▶ Stored data:
──────────────────────────────

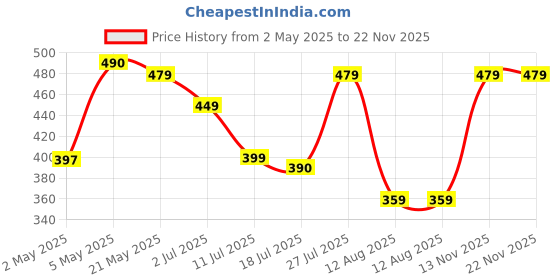amazon.in BKSTAR Digital Weight Machine for kitchen with 10 kg Capacity, 1 g Accuracy, Tare Function, Kitchen Weighing Scale for Shop, Electronic Weight Machine, SF-400A". bkstar Price History Graph from 2 May 2025 to 22 Nov 2025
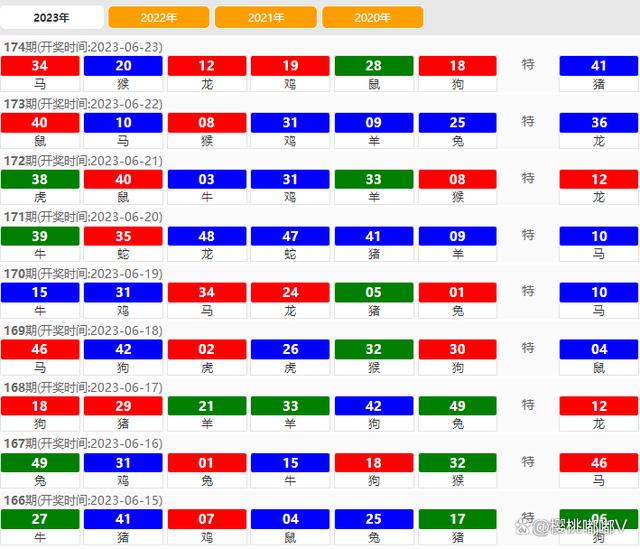 2024澳门天天开好彩精准24码,实地数据验证设计_增强版176.257-9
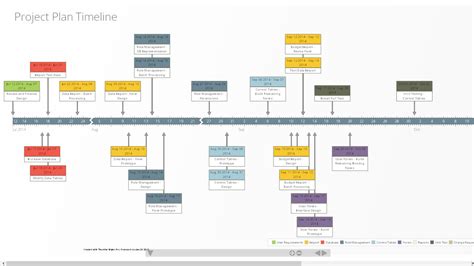 timeline maker software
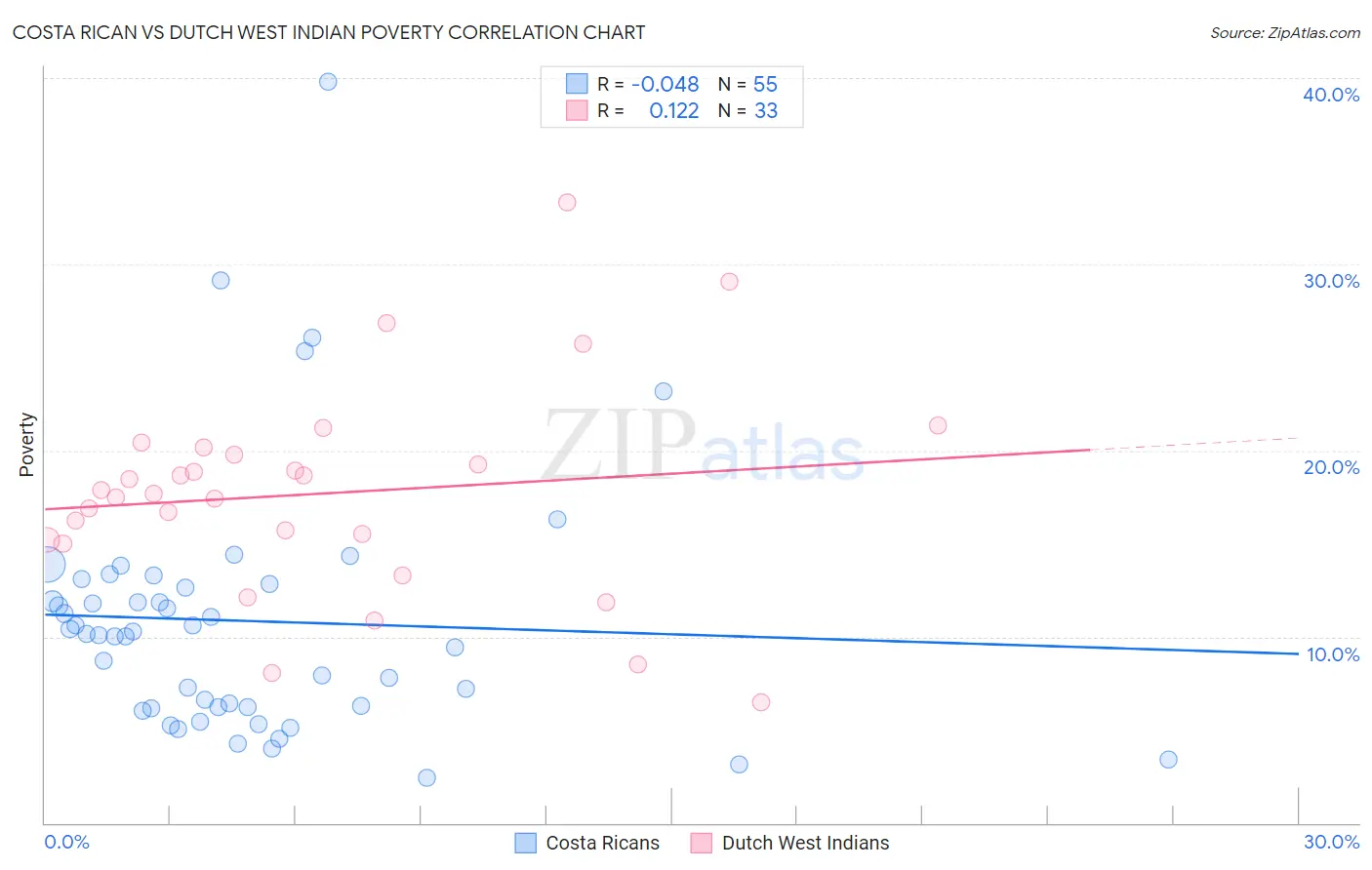 Costa Rican vs Dutch West Indian Poverty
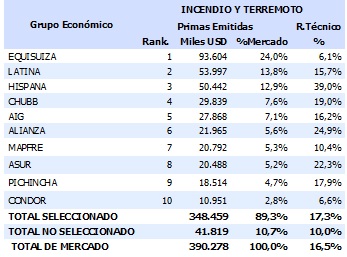 12 agosto 2026 ec 5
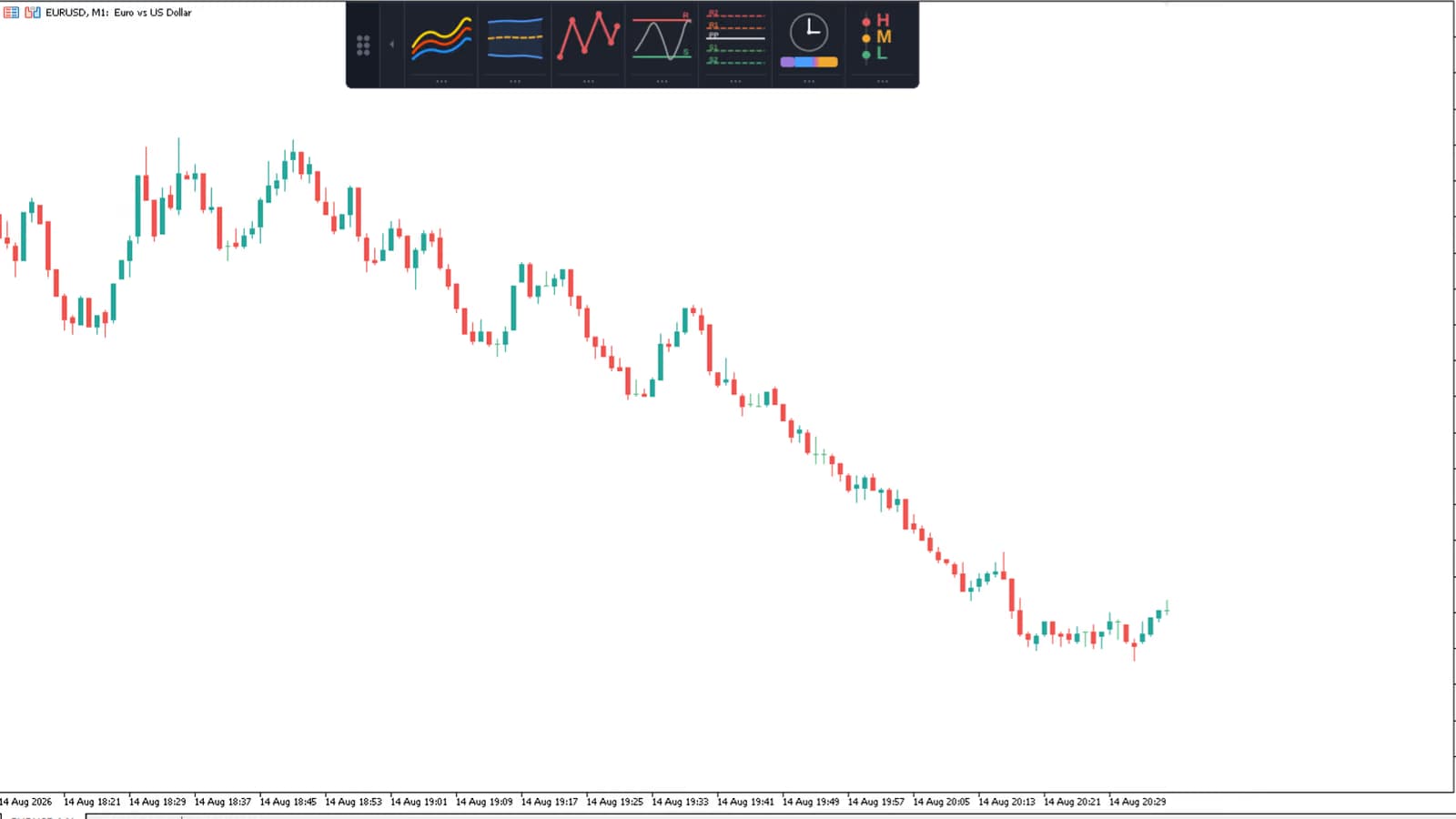 10 Best Free MT5 Indicators (2026)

──────────────────────────────

▶ Exercise requirements: Leave out the pictures and repeat exactly the lines from the first line of the data through the line containing "12 agosto 2026 ec 5". Add nothing else.

▶ Answer space:
amazon.in BKSTAR Digital Weight Machine for kitchen with 10 kg Capacity, 1 g Accuracy, Tare Function, Kitchen Weighing Scale for Shop, Electronic Weight Machine, SF-400A". bkstar Price History Graph from 2 May 2025 to 22 Nov 2025
 2024澳门天天开好彩精准24码,实地数据验证设计_增强版176.257-9
 timeline maker software
 Costa Rican vs Dutch West Indian Poverty
 12 agosto 2026 ec 5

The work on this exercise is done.